Por cierto, hay en el área de las responsabilidades políticas, en la ética de la responsabilidad en general, una falla evidente en la formación política y humana de la dirigencia de RD. Algo, que les obliga a testarudamente negar lo que todos ven y a atribuirle a otro los problemas. Una forma sorda de aplicar la famosa frase de Arthur Rimbaud, el más adolescente de los poetas adolescentes: “yo es otro.”
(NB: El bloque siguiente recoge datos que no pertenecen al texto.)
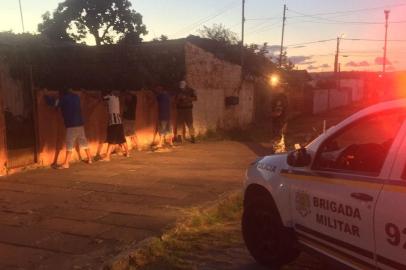 Uma operação integrada entre as forças policiais fez, ontem à noite, uma varredura nos principais pontos de tráfico de drogas e de homicídios do bairro Restinga, na zona sul de Porto Alegre. Duzentos homens da Brigada Militar, Polícia Civil, Guarda Municipal, EPTC e Força Nacional se dividiram em grupos e realizaram barreiras em cinco locais conflagrados em busca de drogas, armas e foragidos da Justiça. Ação contou, inclusive, com auxílio de dois helicópteros._ Estamos fazendo a nossa parte e dando uma resposta para a sociedade. Começamos às 18h e vamos ficar aqui até cansar _ disse o comandante do Policiamento da Capital, coronel Jefferson de Barros Jacques.Conforme a delegada Shana Hartz, a ação é realizada em cima de um estudo feito pelas autoridades policiais e visa a reprimir a criminalidade no bairro. Entre os alvos estavam os condomínios Camila da Paz e Ana Paula, dois projetos do Minha Casa, Minha Vida que foram entregues entre 2011 e 2012 para 608 famílias com renda até três salários mínimos.Uma ivestigação da da 16ª Delegacia de Porto Alegre mostrava já em 2014 que as churrasqueiras tinham virado boca de fumo e alguns apartamentos - por vezes revezados - serviam para armazenar drogas. Outros, para guardar armas.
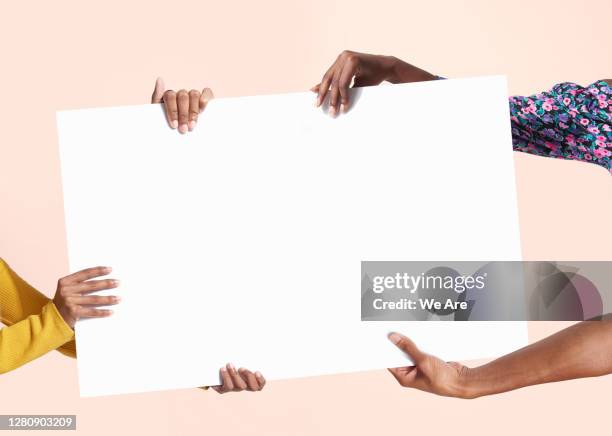 hands holding blank sign - placard foto e immagini stock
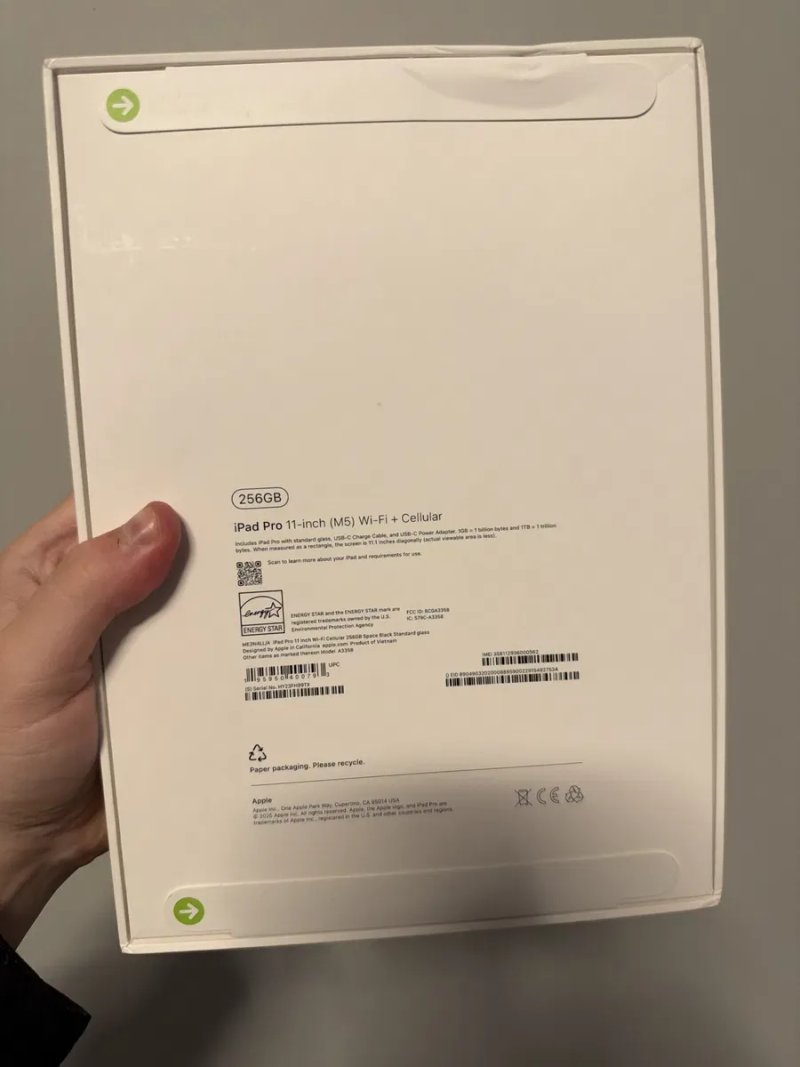 Apple iPad Pro 11 2025, 256GB, Space Black, Wi-Fi + LTE (M5) — фото 3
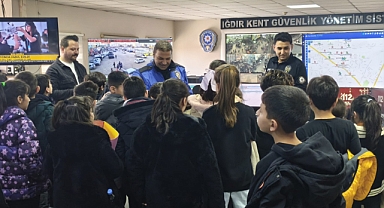 Bahçeşehir Koleji Öğrencileri Emniyeti Ziyaret Etti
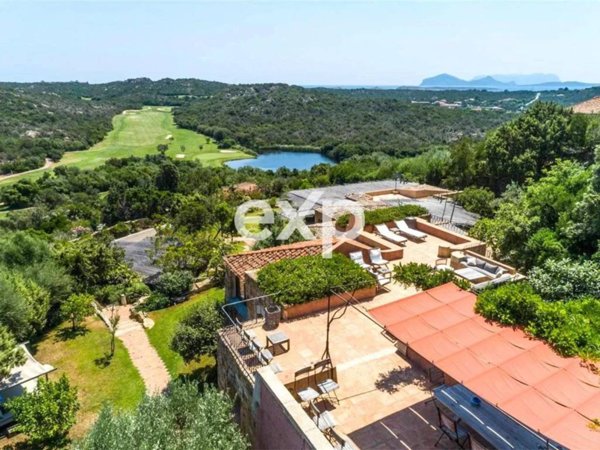 casa indipendente in vendita ad Arzachena in zona Romazzino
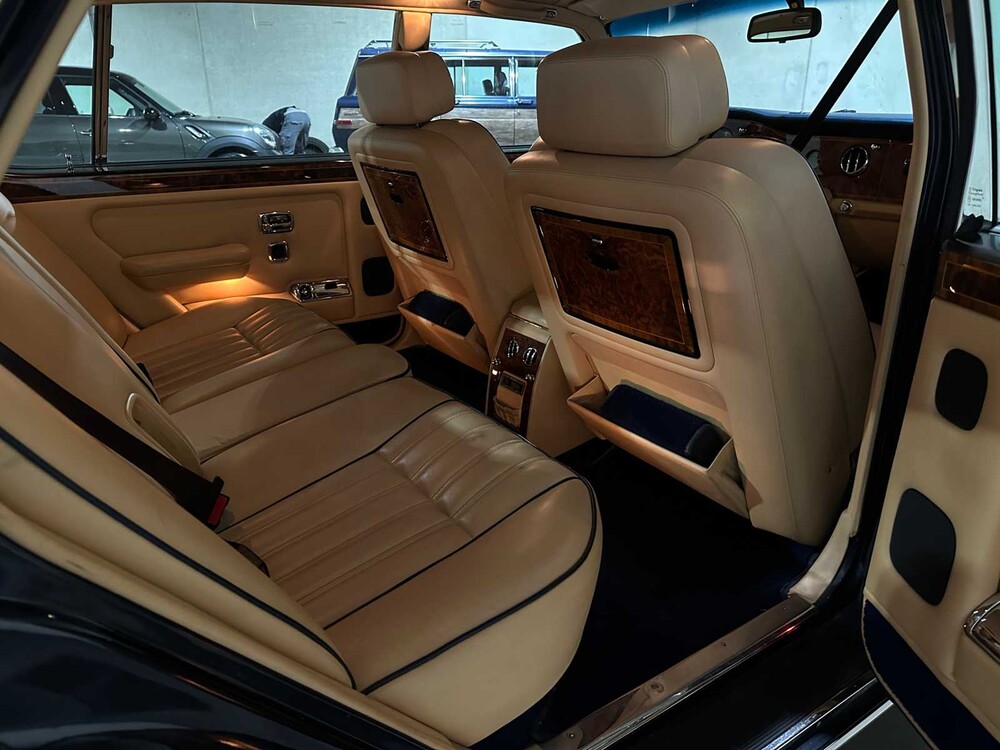 Rolls-Royce Silver Spur 6.8 V8 304pk 1997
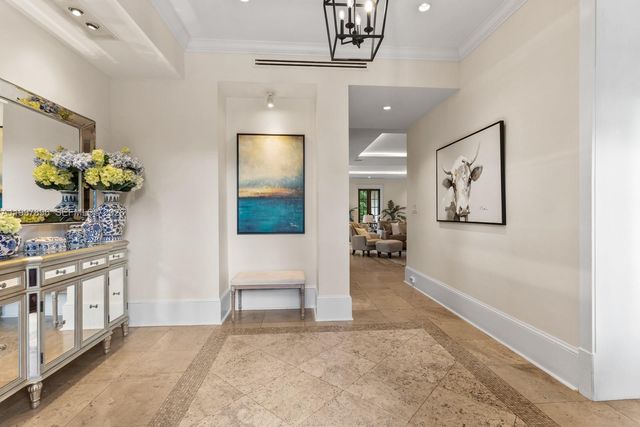 685 Harbor Lane, Key Biscayne, FL 33149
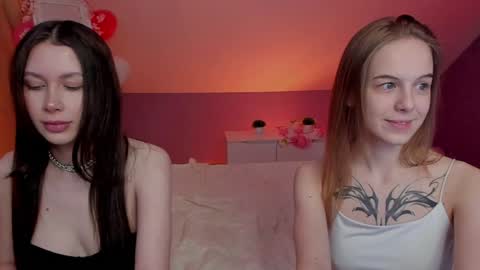 Snapshot of aataraxx chatting on January 2025 05:39:01 PM Fiona and Harry online show from January 2025 05:39:01 PM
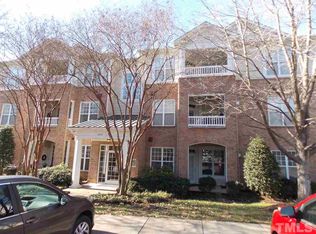 8021 Allyns Landing Way APT 104, Raleigh, NC 27615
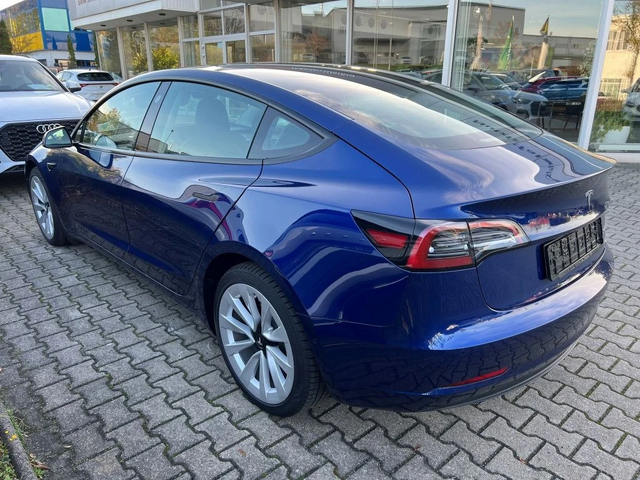 Tesla Model 3 - автомобили, коли, обяви за нови и употребявани 3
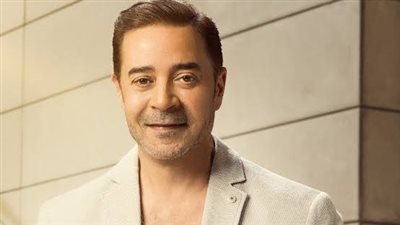 بدأ بالغناء مع أبلة فضيلة واشتهر بعد غناءه أمام رئيس الجمهورية.. ما لا تعرفه عن مدحت صالح في عيد ميلاده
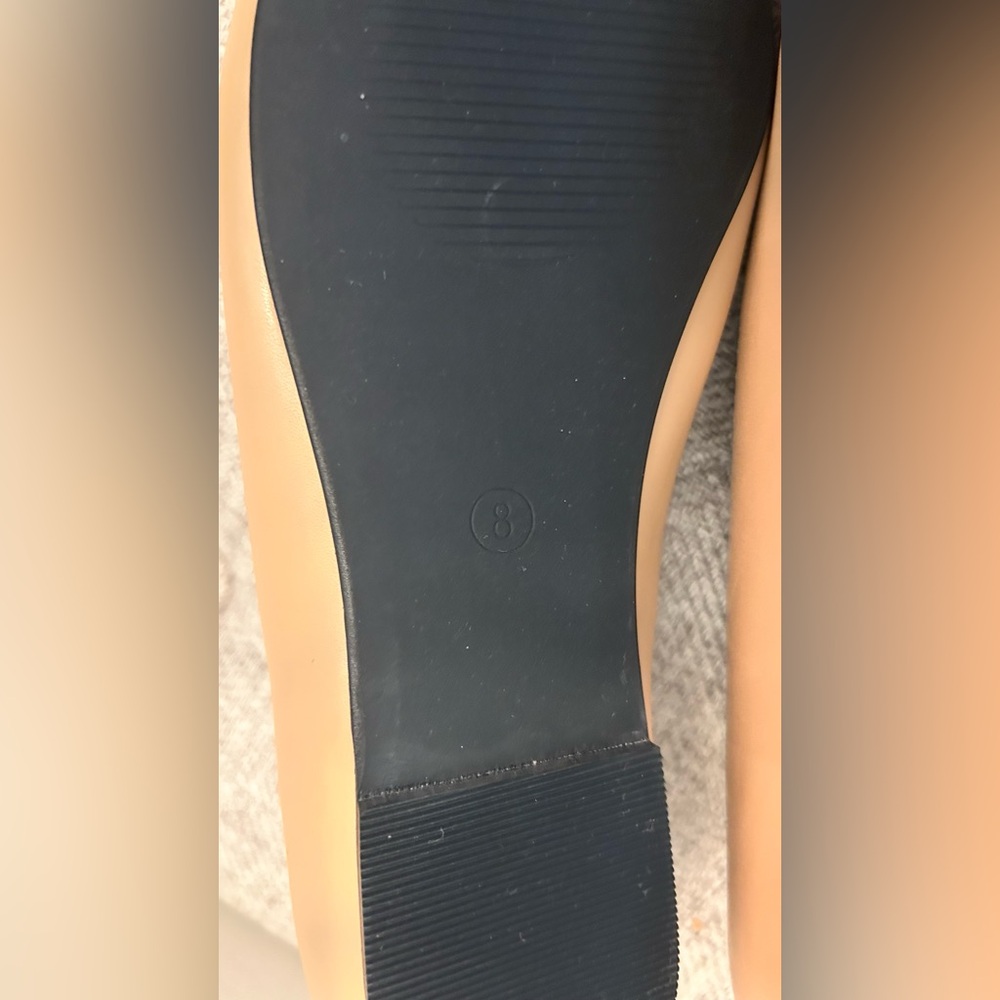 Arromic Black and Nude Flats - Women’s 8. BNNU - Picture 7 of 7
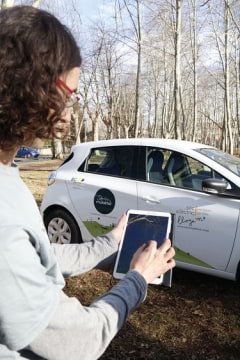 sosteniblecat's tweet photo. Neix a #Olot el primer servei de cotxes elèctrics per compartir a comarques gironines  https://t.co/53P68E0VEy @SomMobilitat @mob_electrica https://t.co/ZVvWnIuu3k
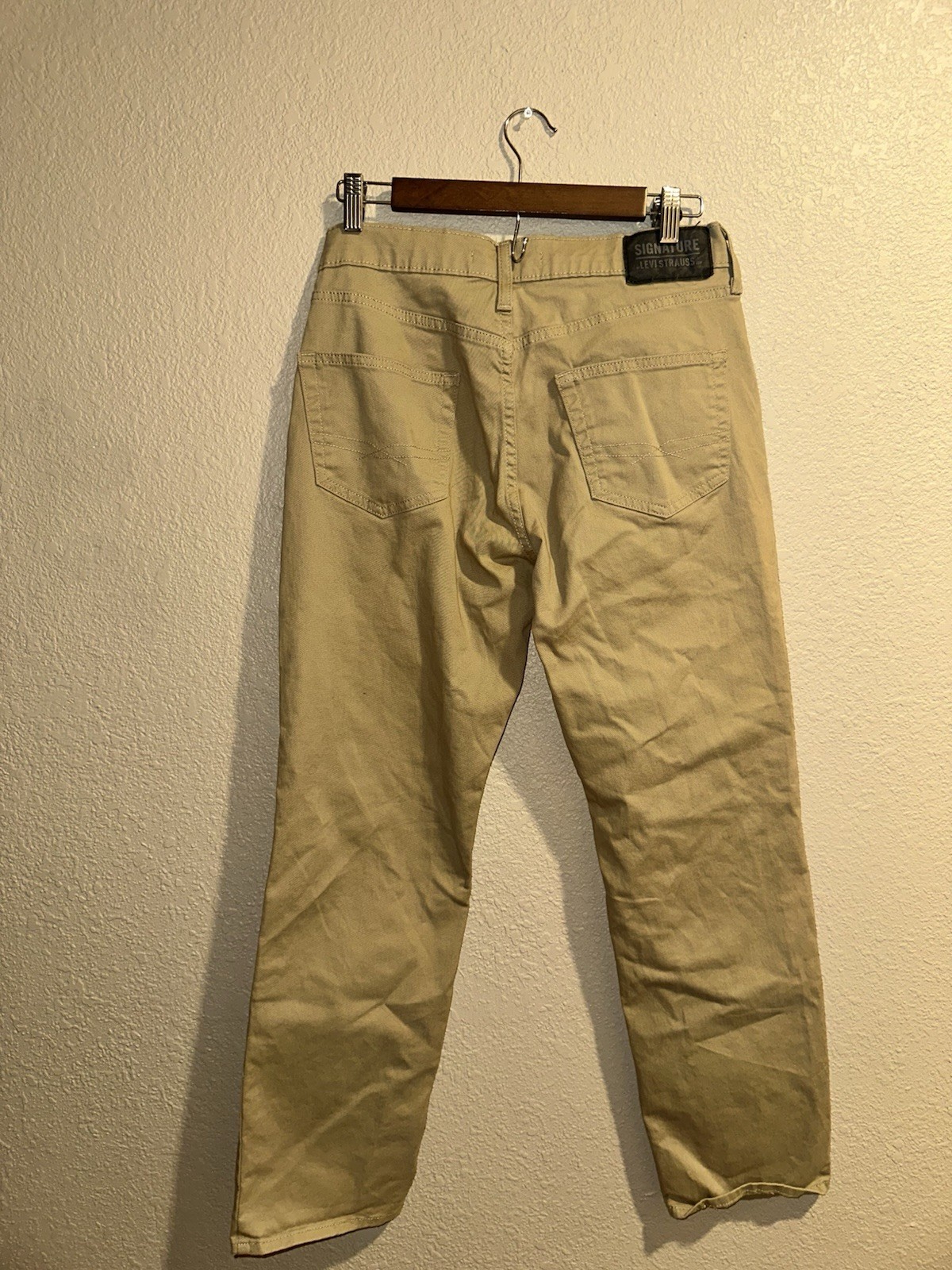 Signature by Levi Strauss & Co. Men’s Chino Pants Athletic Straight Khaki W30
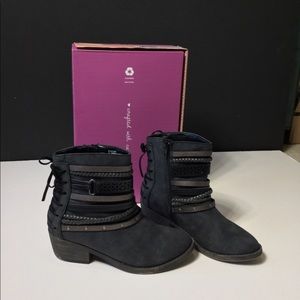 Jellypops black distress boots - size 6.5M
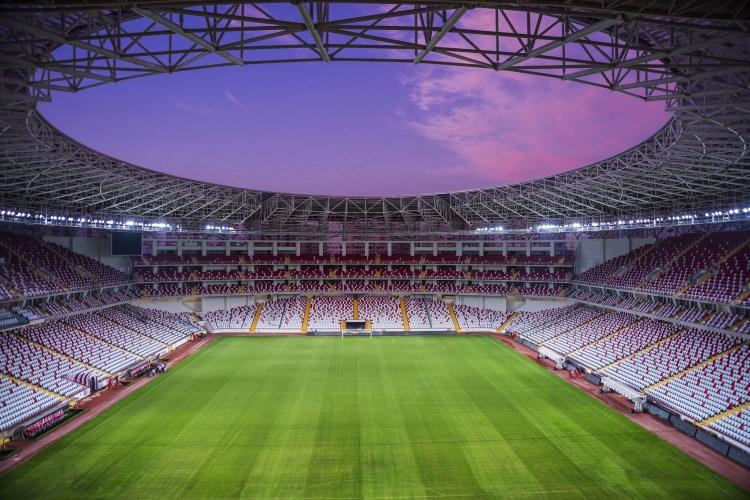 <p>Antalyaspor 17 bin</p>
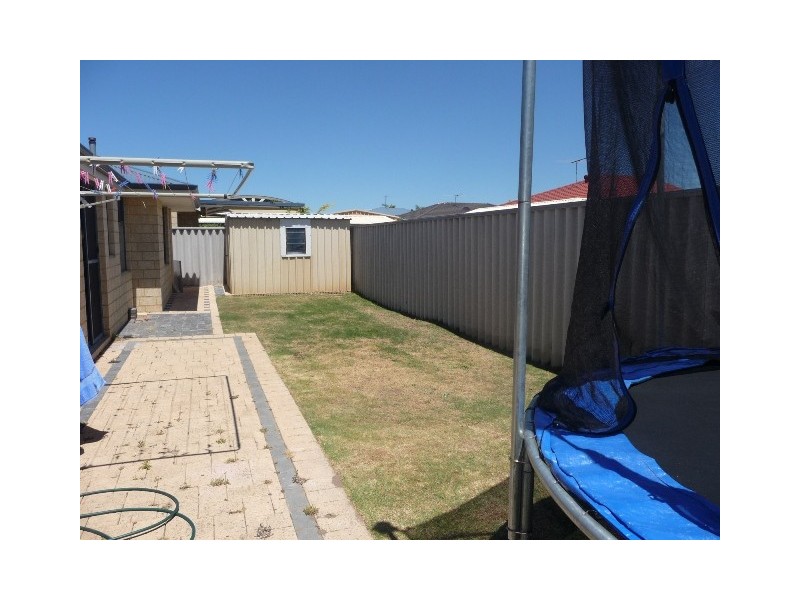 18 Montoro Drive, Port Kennedy WA 6172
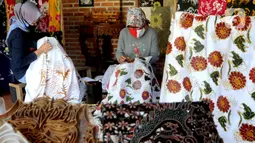 Warga menyelesaikan pembuatan batik tulis di Batik Bumiku di Kampung Batik Cibuluh, Kota Bogor, Senin (21/09/2020). Menyiasati dampak ekonomi akibat pandemi COVID-19, mereka membuat masker batik buatan tangan. (merdeka.com/Arie Basuki)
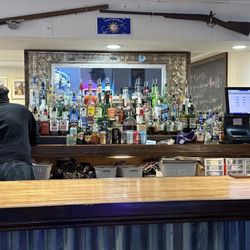 Ducky's Pub and Grill - Inside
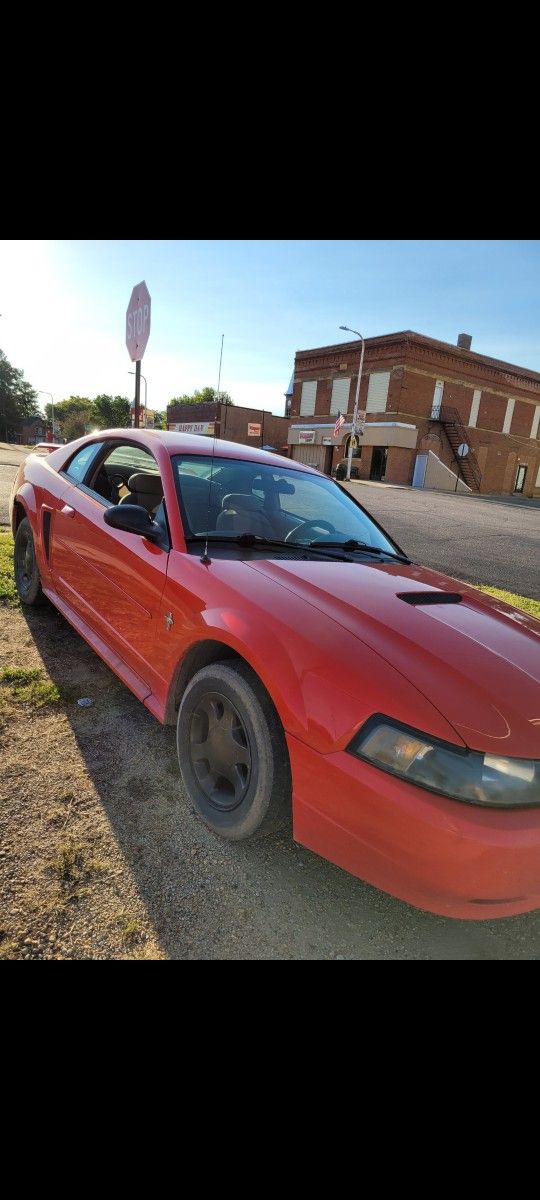 2001 Ford Mustang
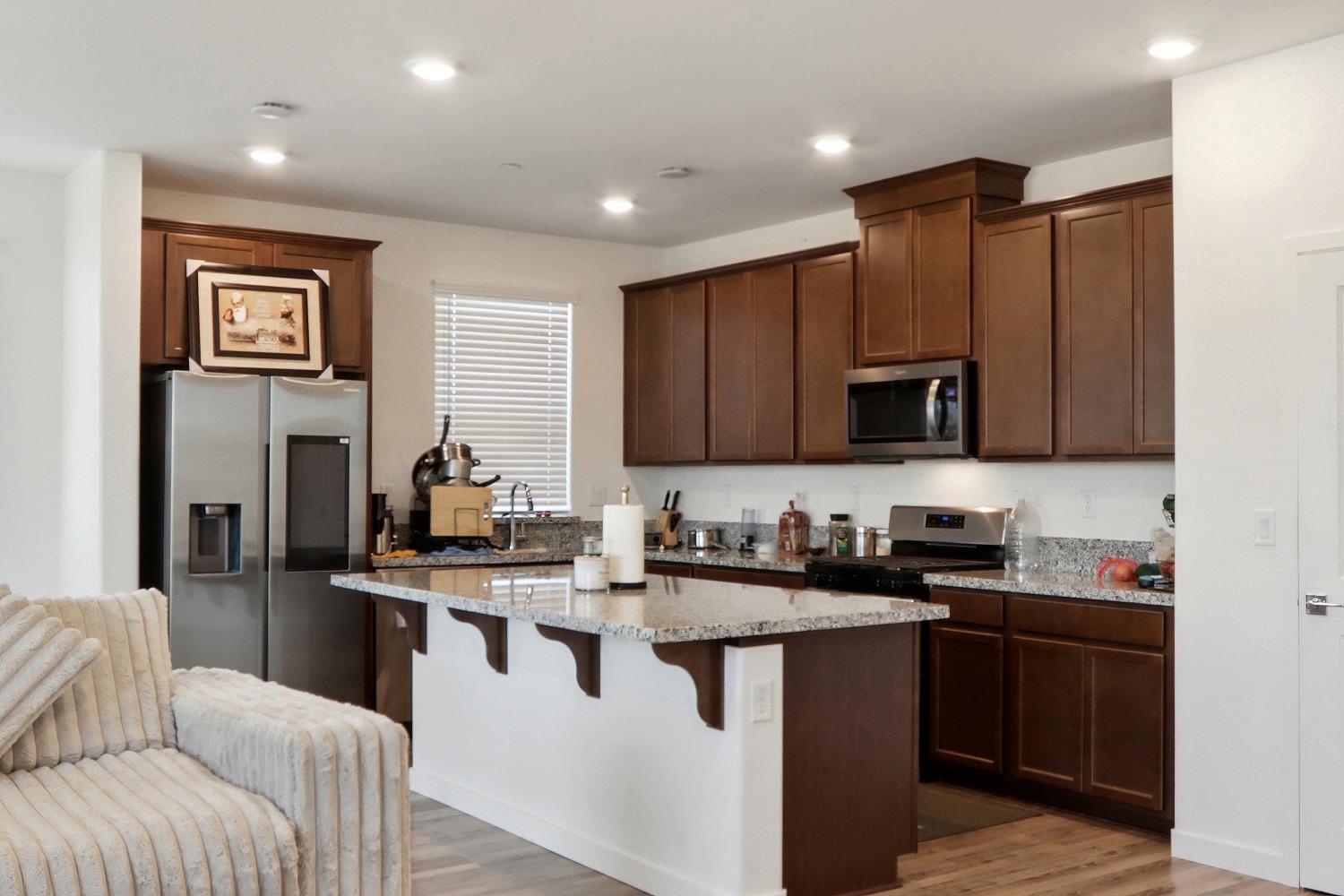 Detail Gallery Image 10 of 37 For 8628 Lakha Cir, Sacramento,  CA 95828 - 4 Beds | 2 Baths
Pero en el caso de Crispi hay algo más que una falla de formación política (es decir intelectual y moral). Crispi no fue a declarar, una tarea que un político de antes hubiese muerto por cumplir, solo porque le dio lata o nervios, sino porque el ministro Cordero, su abogado, se negó a que lo hiciera.
El hecho mismo que quien debería ser el abogado del país, o al menos el representante del gobierno ante el Poder Judicial, actúe de abogado particular del jefe de segundo piso, es de por si suficientemente raro. Que además este abogado que debería ser ministro, ensaye en ese papel, que no le corresponde por ningún lado, extrañas y nuevas teorías de derecho administrativo, no hace más que aumentar la extrañeza del caso.
Pena, pena esa que los mexicanos llaman vergüenza, que es lo único que puede uno sentir cuando esas teorías administrativas son una a una denegadas por el Contralor, inventándole un problema a un gobierno que en ningún sentido parece carecer de ellos.
Así un hecho menor, la declaración de quien fue el líder espiritual de RD ante un grupo de vengativos parlamentarios, se convirtió en una bufonada leguleya que expuso aún más a quien se quería eximir de cualquier responsabilidad. Pobre Miguel Crispi, obligado a decir que su trabajo es técnico, cuando la única técnica que conoce es la política. Falto del carácter suficiente para haber dado el primer paso y haber ido a declarar de motu propio, se vio obligado a esconderse a plena luz de día, quedando inservible para el papel de fusible político que era parte de sus obligaciones.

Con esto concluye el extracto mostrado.